Turkey and Russia to preserve status-quo in Syria's Idlib, Turkish official says
Turkey and Russia agreed to preserve the status-quo in Syria's Idlib region during a meeting on Wednesday between President Recep Tayyip Erdogan and his Russian counterpart Vladimir Putin, a senior Turkish official told Middle East Eye.
Erdogan met Putin in the Russian resort city of Sochi amid an uptick in attacks in Idlib where Russian warplanes have targeted opposition strongholds close to Turkish military bases.
In March 2020, Turkey and Russia reached a ceasefire agreement that turned Idlib into a "de-escalation zone", but that deal has come under strain in recent weeks with air and ground bombardments of rebel-held positions.
Turkish Defence Minister Hulusi Akar warned Moscow earlier this week that air strikes on opposition-held areas were killing civilians and radicalising locals.
"We expect Russia to uphold the deals we made," he said.
More than three million Syrian refugees are stuck in Idlib and there are fears that further Syrian and Russian attacks could push them into Turkish territory where public sentiment has hardened against them.
Earlier this week, Turkish officials told multiple news agencies that Erdogan would be pressing Putin on Syria, especially on Idlib and attacks against Turkish controlled areas by the Syrian Kurdish YPG.
Turkey sees the YPG as an extension of the outlawed Kurdistan Workers' Party (PKK), with which it has been locked in a deadly war for three decades.
"There is no change in Idlib.
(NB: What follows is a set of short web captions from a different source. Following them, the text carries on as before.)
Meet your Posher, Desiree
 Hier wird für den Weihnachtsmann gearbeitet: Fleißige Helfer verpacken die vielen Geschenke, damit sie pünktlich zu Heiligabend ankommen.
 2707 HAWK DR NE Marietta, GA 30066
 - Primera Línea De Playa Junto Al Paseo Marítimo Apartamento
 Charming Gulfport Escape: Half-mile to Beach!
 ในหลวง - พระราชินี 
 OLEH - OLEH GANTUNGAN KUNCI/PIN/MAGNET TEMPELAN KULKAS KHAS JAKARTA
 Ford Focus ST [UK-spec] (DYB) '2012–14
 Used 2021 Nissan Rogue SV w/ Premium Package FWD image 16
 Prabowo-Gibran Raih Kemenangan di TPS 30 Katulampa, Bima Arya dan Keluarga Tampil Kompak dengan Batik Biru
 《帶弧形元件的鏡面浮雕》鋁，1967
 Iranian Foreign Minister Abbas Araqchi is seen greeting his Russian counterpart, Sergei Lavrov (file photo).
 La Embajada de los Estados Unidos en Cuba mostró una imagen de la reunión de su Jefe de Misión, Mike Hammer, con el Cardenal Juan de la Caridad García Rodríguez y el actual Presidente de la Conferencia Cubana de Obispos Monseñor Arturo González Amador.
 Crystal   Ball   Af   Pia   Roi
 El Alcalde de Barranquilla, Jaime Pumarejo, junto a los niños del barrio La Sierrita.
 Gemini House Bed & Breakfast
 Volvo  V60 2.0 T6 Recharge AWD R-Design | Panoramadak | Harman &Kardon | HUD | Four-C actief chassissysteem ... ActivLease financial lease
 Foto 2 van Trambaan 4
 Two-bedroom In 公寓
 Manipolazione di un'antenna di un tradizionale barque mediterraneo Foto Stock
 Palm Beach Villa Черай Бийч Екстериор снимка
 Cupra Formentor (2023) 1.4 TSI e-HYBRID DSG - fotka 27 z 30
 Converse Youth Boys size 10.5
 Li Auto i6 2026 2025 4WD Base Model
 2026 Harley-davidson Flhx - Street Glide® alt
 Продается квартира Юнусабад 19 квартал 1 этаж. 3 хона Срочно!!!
We will preserve the status-quo there," the senior Turkish official told MEE after the meeting.
It was not immediately clear whether Turkey agreed to any concessions to preserve the current understanding in Idlib.
"The steps we take together regarding Syria carry great importance. The peace there is dependent on Turkey-Russia ties," Erdogan told Putin at the start of their talks.
Erdogan did not take his ministers to Sochi, only bringing his senior advisor Ibrahim Kalin, communications chief Fahrettin Altun and intel chief Hakan Fidan.
Erdogan and the Russian president met without others present and it is believed they discussed the possible second-round purchase of Russian-made S-400s, the situation in Nagorno-Karabakh, and Libya.
In an apparent reference to the US, Erdogan told Putin he wanted to discuss further defence cooperation regardless of objections from Washington.
"At the UNGA [UN General Assembly], the typical persons especially asked us about certain issues specifically of course," Erdogan told Putin.
"We gave them the necessary response anyway. It is not possible for us to turn back from the steps we took. I especially believe this: it is of great importance for us to continue by strengthening Turkey-Russia ties every day."
Late last year, the US imposed sanctions on Turkey over its purchase of the Russian S-400 missile defence system and ejected Ankara from the Nato-led F-35 programme to develop advanced fighter jets.